[Opening EXTRACTED ENTRIES section]

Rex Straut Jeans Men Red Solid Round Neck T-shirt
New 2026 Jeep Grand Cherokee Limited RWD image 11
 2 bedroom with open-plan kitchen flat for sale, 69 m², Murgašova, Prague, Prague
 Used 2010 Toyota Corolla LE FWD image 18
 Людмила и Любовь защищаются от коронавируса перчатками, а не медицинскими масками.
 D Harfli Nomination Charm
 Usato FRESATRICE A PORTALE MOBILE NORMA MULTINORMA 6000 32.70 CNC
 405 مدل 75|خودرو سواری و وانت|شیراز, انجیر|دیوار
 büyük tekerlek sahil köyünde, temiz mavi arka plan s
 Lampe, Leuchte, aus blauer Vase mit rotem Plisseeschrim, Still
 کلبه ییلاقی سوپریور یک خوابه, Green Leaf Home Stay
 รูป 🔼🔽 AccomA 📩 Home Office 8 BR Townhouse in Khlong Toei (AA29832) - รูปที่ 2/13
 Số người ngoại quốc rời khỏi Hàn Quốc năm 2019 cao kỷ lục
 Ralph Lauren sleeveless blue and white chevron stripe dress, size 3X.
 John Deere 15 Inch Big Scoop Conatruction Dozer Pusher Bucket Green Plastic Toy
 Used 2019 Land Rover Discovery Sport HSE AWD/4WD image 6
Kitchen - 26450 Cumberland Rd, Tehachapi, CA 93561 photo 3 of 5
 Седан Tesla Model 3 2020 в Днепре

[Closing EXTRACTED ENTRIES section]

WORK ITEM: Every line between the one that contains "Lampe, Leuchte, aus" and the last line of the listing, both included, should be retyped exactly, with nothing else added.

EXERCISE RESPONSE:
 Lampe, Leuchte, aus blauer Vase mit rotem Plisseeschrim, Still
 کلبه ییلاقی سوپریور یک خوابه, Green Leaf Home Stay
 รูป 🔼🔽 AccomA 📩 Home Office 8 BR Townhouse in Khlong Toei (AA29832) - รูปที่ 2/13
 Số người ngoại quốc rời khỏi Hàn Quốc năm 2019 cao kỷ lục
 Ralph Lauren sleeveless blue and white chevron stripe dress, size 3X.
 John Deere 15 Inch Big Scoop Conatruction Dozer Pusher Bucket Green Plastic Toy
 Used 2019 Land Rover Discovery Sport HSE AWD/4WD image 6
Kitchen - 26450 Cumberland Rd, Tehachapi, CA 93561 photo 3 of 5
 Седан Tesla Model 3 2020 в Днепре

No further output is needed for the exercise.